Il rapporto Istat sui giovani in Italia Sono sempre meno, fuggono all'estero e stanno più a lungo in famiglia
Secondo i dati del Rapporto Annuale 2019 Istat, riguardo al fenomeno delle migrazioni interne, si osserva un sistematico deflusso di giovani italiani dai 20 ai 34 anni con livello di istruzione medio-alto dalle regioni del Mezzogiorno verso il Centro-nord (circa 250 mila durante il decennio).
Il saldo migratorio con l’estero degli italiani mostra contestualmente valori negativi, con una perdita netta nell’ordine di 420 mila residenti nello stesso arco temporale. Circa la metà di questa perdita è costituita da giovani dai 20 ai 34 anni e, tra essi, due su tre sono in possesso di un livello di istruzione medio-alto. I principali paesi di destinazione di questo «brain drain» («fuga di cervelli») sono il Regno Unito e la Germania.

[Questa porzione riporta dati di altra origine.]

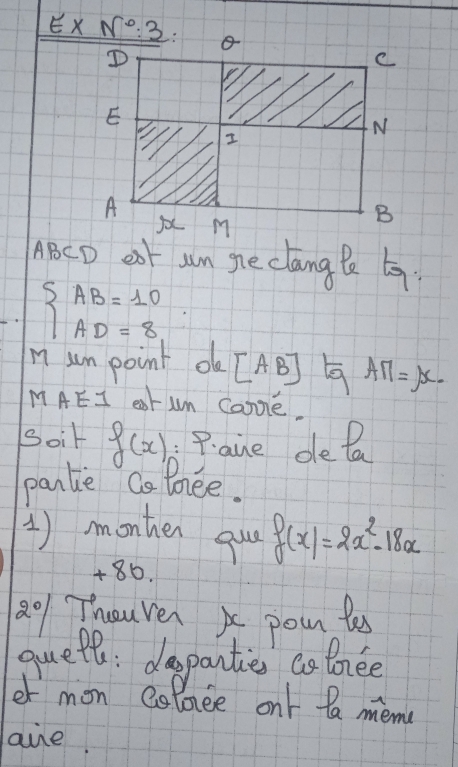 EX 
ABCD eat sn ge clang Be to:
beginarrayl AB=10 AD=8endarray.
n7 un point o [AB] AM=x.
MAEI ear Lm Camé.
Soir f(x) :Pane dela
pantie Co tnee.
1) monther quy f(x)=2x^2-18x
+86.
2o Thouven poun tes
quete: dapanties ao bonee
er mon colocee ont ta mem
ane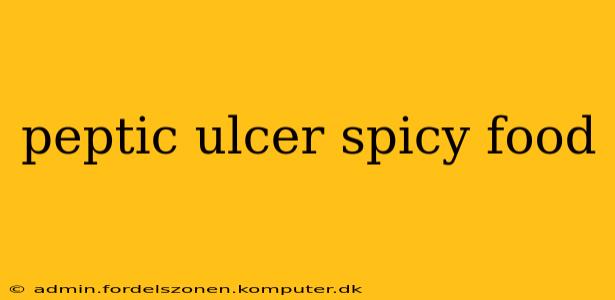 peptic ulcer spicy food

Il contrasto del declino demografico passa per la rimozione degli ostacoli che si frappongono alla realizzazione dei progetti di vita dei giovani.
Uscendo dalla famiglia di origine sempre più tardi, i giovani di oggi sperimentano percorsi esistenziali più frammentati rispetto alle precedenti generazioni, nei quali le tappe della transizione alla fase adulta della vita, a cominciare dal raggiungimento dell’autonomia e dell’indipendenza economica, si spostano in avanti. Al 1° gennaio 2018, i giovani dai 20 ai 34 anni sono 9 milioni e 630 mila, il 16% del totale della popolazione residente; rispetto a 10 anni prima sono diminuiti di circa 1 milione 230 mila unità (erano il 19% della popolazione al 1° gennaio 2008).
Più della metà dei 20-34enni (5,5 milioni) è tuttora celibe o nubile e vive con almeno un genitore. Fra il 2008 e il 2018 è aumentata la distanza fra giovani e adulti in termini di stabilità del lavoro: la quota di dipendenti a tempo indeterminato tra i primi è scesa dal 61,4% al 52,7, mentre quella degli over 35 è aumentata di 1,1 punti, attestandosi al 67,1%.
In parallelo va dato atto che l’innalzamento del livello medio di istruzione della popolazione si è tradotto in un ricambio generazionale degli occupati a favore di coorti sempre più istruite: tra il 2008 e il 2018 i laureati occupati aumentano di 1 milione 431 mila unità e il loro peso relativo (tra gli occupati) passa dal 17,1 al 23,1%.
Persistono forti disuguaglianze nelle condizioni di benessere, legate, oltre che al territorio, al livello di istruzione, al genere e alle generazioni. In particolare, i giovani appaiono fortemente penalizzati sul mercato del lavoro e più esposti alla povertà. L’incidenza di povertà assoluta è infatti particolarmente alta e ha registrato il maggiore incremento degli ultimi dieci anni per le persone fino a 17 anni e tra 18 e 34 anni (rispettivamente 8,9 e 6,4 punti percentuali in più del 2008). Infine, la tendenza a una minore partecipazione civica è più accentuata fra le giovani generazioni, sia guardando l’ultimo anno disponibile sia nell’orizzonte decennale.